● Exercise details:
Each line between the one holding "Изображение товара Панель" and the end of the material below, both included, is to be transcribed word for word, with pictures left out.

● Provided material:
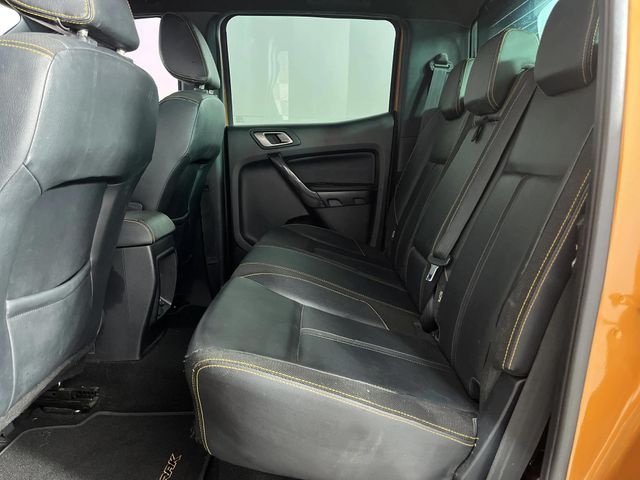 2019 Ford Ranger 3.2 TDCi Wildtrak Auto Double-Cab, photo 4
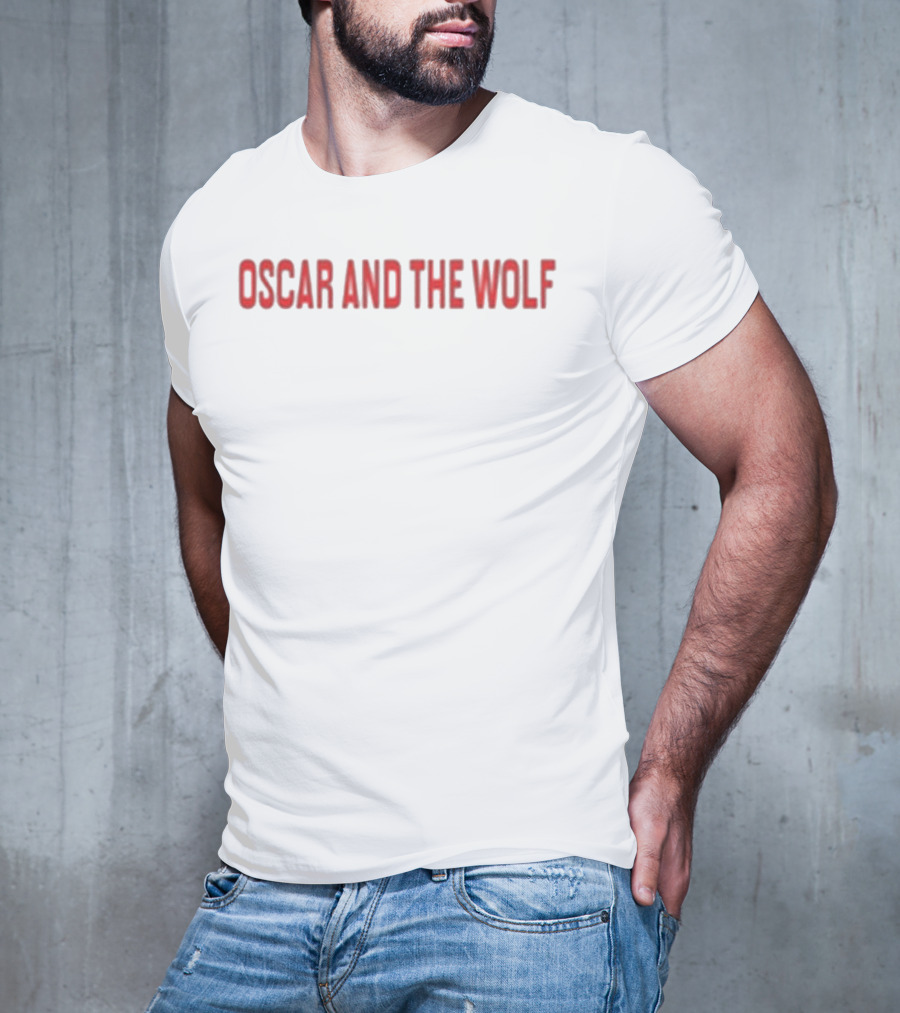 Oscar And The Wolf Infinity Citadel T-Shirt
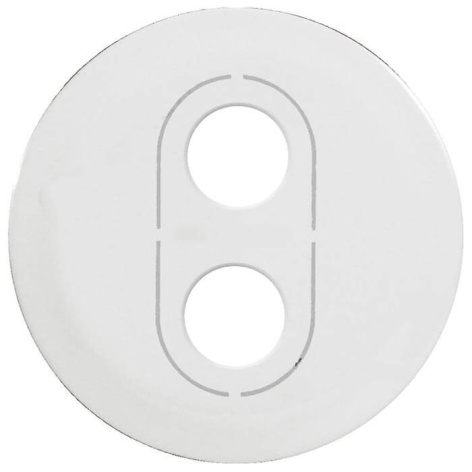 Изображение товара Панель лицевая Legrand 068231 серия Celiane вертикальная установка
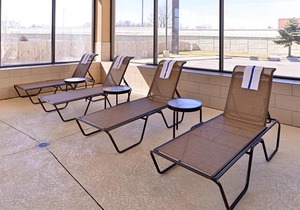 Holiday Inn Express Hotel & Suites Indianapolis W - Airport Area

● Answer to the problem:
 Изображение товара Панель лицевая Legrand 068231 серия Celiane вертикальная установка
 Holiday Inn Express Hotel & Suites Indianapolis W - Airport Area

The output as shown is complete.